• _Work instruction_
Your answer should be every line below that includes the word "spaces".

_ _ _ _ _ _ _

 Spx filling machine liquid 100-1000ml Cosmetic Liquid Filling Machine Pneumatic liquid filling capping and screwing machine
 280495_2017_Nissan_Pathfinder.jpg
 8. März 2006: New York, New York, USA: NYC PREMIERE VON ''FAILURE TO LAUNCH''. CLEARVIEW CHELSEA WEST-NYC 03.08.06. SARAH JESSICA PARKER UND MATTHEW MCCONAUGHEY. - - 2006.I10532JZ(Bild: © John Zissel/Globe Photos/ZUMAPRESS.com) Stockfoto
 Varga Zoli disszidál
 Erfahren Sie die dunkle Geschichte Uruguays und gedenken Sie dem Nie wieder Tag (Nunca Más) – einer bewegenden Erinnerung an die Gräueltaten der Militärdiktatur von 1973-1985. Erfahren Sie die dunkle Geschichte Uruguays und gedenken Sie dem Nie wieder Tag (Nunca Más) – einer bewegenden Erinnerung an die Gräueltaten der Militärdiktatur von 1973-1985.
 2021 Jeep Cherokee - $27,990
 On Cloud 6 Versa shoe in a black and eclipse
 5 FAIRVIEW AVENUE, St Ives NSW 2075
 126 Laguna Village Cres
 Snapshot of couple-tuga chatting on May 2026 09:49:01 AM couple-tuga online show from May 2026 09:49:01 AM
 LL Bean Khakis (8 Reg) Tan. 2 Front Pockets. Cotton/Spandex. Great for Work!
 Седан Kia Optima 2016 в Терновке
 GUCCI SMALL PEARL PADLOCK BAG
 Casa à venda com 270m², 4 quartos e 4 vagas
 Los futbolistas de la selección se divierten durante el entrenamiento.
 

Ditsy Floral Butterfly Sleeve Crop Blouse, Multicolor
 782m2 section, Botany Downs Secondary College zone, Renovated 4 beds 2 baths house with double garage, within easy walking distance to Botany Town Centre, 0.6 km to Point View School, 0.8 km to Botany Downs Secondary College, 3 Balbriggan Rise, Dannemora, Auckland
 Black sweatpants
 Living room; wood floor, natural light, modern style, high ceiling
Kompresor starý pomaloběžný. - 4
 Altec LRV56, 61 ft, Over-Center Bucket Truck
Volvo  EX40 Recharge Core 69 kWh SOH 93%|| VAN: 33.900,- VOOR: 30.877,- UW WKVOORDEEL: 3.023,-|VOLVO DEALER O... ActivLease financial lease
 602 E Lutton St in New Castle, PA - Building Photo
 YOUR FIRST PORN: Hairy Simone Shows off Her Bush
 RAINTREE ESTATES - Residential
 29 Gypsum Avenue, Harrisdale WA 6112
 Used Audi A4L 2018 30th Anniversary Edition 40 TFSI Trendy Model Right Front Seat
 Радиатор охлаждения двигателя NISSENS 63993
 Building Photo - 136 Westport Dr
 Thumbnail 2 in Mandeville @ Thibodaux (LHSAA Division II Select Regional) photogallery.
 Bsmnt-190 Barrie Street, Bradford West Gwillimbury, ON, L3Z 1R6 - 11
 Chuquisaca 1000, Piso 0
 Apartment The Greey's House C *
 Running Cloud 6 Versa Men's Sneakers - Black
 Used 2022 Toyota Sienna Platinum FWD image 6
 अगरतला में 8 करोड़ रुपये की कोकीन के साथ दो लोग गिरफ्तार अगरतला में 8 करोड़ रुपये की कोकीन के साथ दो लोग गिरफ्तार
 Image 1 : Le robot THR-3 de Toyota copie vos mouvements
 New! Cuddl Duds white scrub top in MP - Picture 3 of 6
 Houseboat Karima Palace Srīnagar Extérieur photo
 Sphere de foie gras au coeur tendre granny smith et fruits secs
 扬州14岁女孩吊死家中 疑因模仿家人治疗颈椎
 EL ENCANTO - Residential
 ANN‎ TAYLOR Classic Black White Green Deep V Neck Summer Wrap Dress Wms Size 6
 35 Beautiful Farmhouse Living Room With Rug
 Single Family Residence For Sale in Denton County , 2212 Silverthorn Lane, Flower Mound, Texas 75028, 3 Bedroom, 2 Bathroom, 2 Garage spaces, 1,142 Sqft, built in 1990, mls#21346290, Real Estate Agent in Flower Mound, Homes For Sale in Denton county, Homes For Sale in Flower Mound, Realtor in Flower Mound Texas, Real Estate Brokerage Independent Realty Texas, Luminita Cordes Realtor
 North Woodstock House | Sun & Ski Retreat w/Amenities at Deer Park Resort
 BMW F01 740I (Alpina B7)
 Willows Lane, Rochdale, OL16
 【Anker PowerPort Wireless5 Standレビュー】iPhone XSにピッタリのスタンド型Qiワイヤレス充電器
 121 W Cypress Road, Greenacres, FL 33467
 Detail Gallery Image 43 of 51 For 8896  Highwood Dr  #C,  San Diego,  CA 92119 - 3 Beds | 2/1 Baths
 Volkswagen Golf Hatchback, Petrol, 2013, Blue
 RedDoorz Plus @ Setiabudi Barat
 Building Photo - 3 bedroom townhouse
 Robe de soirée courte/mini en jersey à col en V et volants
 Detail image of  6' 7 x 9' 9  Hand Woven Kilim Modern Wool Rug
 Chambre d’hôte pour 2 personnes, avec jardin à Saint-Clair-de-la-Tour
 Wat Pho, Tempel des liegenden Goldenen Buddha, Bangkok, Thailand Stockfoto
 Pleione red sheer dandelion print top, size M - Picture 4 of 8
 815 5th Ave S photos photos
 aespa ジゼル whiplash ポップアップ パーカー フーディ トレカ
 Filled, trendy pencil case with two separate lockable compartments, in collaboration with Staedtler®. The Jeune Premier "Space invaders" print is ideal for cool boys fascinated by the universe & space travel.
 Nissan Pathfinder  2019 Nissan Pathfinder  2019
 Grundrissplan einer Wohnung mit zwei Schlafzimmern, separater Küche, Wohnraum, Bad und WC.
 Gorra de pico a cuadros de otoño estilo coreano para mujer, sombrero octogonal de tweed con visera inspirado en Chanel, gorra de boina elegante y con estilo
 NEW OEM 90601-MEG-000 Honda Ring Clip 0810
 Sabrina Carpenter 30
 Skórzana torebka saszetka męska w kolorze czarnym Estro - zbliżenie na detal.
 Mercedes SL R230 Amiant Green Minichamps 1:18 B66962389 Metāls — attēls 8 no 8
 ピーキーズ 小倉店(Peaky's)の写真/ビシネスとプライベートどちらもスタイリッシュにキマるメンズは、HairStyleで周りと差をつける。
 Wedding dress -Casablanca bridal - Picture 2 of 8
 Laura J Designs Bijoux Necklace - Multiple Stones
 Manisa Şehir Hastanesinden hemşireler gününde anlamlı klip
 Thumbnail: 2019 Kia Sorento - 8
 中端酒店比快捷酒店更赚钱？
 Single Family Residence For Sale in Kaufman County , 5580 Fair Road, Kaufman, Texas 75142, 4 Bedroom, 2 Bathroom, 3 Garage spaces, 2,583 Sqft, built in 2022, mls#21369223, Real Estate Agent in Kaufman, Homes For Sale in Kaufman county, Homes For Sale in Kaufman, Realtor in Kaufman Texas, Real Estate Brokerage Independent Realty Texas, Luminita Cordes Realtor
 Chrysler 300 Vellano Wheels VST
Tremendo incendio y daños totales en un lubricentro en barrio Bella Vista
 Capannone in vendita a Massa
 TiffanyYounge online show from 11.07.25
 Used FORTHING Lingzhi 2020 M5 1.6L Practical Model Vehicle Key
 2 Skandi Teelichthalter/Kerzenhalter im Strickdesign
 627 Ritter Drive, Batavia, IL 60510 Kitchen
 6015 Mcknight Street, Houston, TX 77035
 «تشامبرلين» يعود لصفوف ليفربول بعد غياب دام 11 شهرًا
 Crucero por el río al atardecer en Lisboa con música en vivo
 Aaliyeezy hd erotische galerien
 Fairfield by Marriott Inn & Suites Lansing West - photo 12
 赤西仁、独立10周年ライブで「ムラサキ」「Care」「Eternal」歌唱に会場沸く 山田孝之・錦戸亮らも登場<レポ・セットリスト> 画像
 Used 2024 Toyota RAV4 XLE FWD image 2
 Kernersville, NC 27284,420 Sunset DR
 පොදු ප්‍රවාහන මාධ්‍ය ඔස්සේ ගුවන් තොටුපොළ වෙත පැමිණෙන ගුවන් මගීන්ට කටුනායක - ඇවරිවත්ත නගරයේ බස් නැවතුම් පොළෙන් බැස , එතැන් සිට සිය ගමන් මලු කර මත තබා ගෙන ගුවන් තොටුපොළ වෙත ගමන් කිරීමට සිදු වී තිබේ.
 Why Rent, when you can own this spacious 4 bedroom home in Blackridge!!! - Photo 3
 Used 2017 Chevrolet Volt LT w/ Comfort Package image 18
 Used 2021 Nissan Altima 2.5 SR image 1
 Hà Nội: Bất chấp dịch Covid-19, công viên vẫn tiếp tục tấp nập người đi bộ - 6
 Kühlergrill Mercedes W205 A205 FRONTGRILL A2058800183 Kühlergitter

_ _ _ _ _ _ _

• _Written answer_
 Single Family Residence For Sale in Denton County , 2212 Silverthorn Lane, Flower Mound, Texas 75028, 3 Bedroom, 2 Bathroom, 2 Garage spaces, 1,142 Sqft, built in 1990, mls#21346290, Real Estate Agent in Flower Mound, Homes For Sale in Denton county, Homes For Sale in Flower Mound, Realtor in Flower Mound Texas, Real Estate Brokerage Independent Realty Texas, Luminita Cordes Realtor
 Single Family Residence For Sale in Kaufman County , 5580 Fair Road, Kaufman, Texas 75142, 4 Bedroom, 2 Bathroom, 3 Garage spaces, 2,583 Sqft, built in 2022, mls#21369223, Real Estate Agent in Kaufman, Homes For Sale in Kaufman county, Homes For Sale in Kaufman, Realtor in Kaufman Texas, Real Estate Brokerage Independent Realty Texas, Luminita Cordes Realtor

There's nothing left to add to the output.